### YOUR ASSIGNMENT
Pick out each line of the records in which the word "Design" appears.

### PROVIDED DATA
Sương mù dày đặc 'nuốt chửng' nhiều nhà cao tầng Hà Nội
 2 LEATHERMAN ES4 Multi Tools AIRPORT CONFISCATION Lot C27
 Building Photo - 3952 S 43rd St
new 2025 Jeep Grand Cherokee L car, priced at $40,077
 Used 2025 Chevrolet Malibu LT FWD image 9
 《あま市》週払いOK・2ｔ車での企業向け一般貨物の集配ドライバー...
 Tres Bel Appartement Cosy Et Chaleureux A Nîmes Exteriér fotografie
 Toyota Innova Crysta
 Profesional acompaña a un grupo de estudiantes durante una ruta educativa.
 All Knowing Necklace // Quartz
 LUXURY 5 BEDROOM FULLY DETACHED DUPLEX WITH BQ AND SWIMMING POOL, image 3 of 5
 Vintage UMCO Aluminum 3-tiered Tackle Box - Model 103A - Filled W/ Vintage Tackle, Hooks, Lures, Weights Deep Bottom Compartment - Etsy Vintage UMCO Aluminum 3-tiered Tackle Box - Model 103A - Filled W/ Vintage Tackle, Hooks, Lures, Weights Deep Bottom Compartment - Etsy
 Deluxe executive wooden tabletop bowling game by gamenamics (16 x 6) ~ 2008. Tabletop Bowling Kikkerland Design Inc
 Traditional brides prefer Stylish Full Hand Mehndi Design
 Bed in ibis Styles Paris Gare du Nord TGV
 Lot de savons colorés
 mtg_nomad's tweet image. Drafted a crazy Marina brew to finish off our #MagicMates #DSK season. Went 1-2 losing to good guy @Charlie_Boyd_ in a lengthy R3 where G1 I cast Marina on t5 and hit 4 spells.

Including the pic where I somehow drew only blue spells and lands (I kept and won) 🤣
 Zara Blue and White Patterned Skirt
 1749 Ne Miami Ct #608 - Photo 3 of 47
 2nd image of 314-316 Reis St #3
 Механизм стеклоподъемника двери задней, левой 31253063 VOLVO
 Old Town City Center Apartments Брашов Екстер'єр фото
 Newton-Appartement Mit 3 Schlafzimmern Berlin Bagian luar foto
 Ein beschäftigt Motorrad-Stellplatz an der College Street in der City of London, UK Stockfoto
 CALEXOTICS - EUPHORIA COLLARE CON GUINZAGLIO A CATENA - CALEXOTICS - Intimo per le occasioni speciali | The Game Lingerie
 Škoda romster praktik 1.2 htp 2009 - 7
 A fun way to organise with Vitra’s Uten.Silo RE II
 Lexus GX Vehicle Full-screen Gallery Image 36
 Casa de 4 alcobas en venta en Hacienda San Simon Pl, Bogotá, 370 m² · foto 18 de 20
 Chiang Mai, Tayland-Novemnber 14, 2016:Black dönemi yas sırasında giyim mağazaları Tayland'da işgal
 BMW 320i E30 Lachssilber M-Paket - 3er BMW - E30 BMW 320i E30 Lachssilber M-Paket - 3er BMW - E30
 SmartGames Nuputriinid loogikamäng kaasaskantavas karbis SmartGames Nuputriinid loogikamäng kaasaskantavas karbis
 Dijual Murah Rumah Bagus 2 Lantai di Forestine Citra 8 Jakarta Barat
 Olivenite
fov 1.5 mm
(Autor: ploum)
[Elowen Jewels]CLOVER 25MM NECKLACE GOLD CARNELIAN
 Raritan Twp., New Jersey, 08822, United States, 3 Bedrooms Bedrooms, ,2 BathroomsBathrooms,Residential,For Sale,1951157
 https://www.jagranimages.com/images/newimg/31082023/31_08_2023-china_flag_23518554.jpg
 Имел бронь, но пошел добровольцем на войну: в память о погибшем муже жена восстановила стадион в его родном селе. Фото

### SOLUTION FOR THIS PROBLEM
 Deluxe executive wooden tabletop bowling game by gamenamics (16 x 6) ~ 2008. Tabletop Bowling Kikkerland Design Inc
 Traditional brides prefer Stylish Full Hand Mehndi Design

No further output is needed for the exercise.